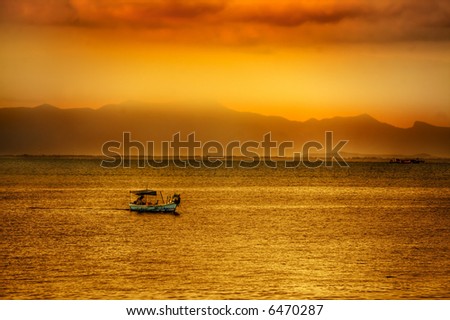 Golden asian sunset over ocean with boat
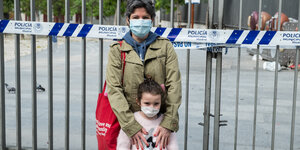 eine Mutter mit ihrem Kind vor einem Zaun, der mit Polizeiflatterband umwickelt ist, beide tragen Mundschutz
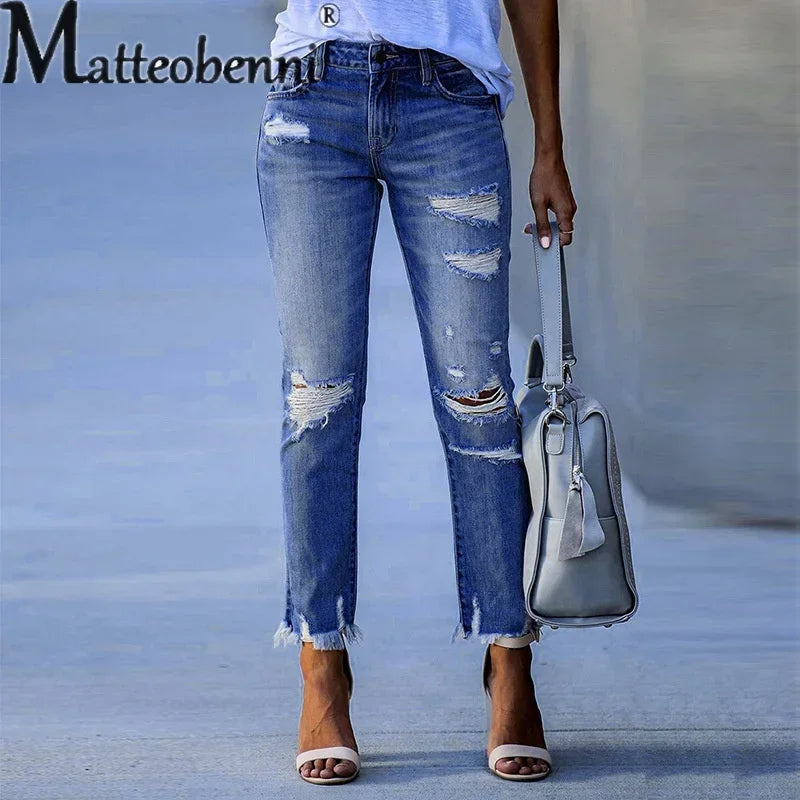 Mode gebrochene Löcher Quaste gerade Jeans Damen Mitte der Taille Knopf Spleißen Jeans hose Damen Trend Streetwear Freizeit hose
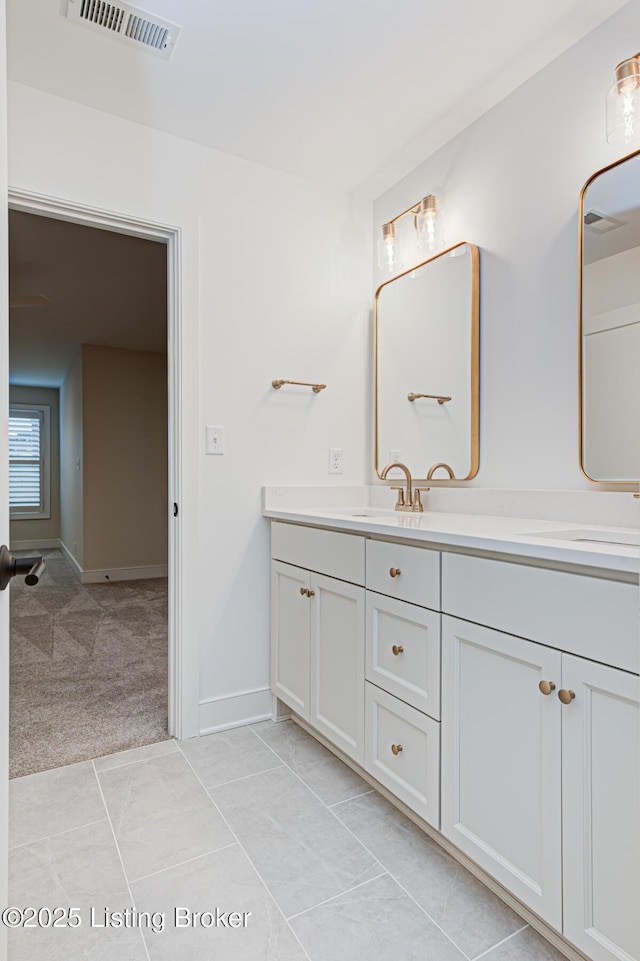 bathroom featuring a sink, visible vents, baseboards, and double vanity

---

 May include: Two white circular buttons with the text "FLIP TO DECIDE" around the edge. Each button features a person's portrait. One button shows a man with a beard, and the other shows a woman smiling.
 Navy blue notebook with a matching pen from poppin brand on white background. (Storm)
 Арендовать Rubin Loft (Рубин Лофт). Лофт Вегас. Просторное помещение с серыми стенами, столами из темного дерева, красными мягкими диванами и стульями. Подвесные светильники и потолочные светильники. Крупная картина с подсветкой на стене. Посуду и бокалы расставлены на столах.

TASK BRIEF
Check all the records above and select each line where the string "white" is found.

TASK ANSWER
 May include: Two white circular buttons with the text "FLIP TO DECIDE" around the edge. Each button features a person's portrait. One button shows a man with a beard, and the other shows a woman smiling.
 Navy blue notebook with a matching pen from poppin brand on white background. (Storm)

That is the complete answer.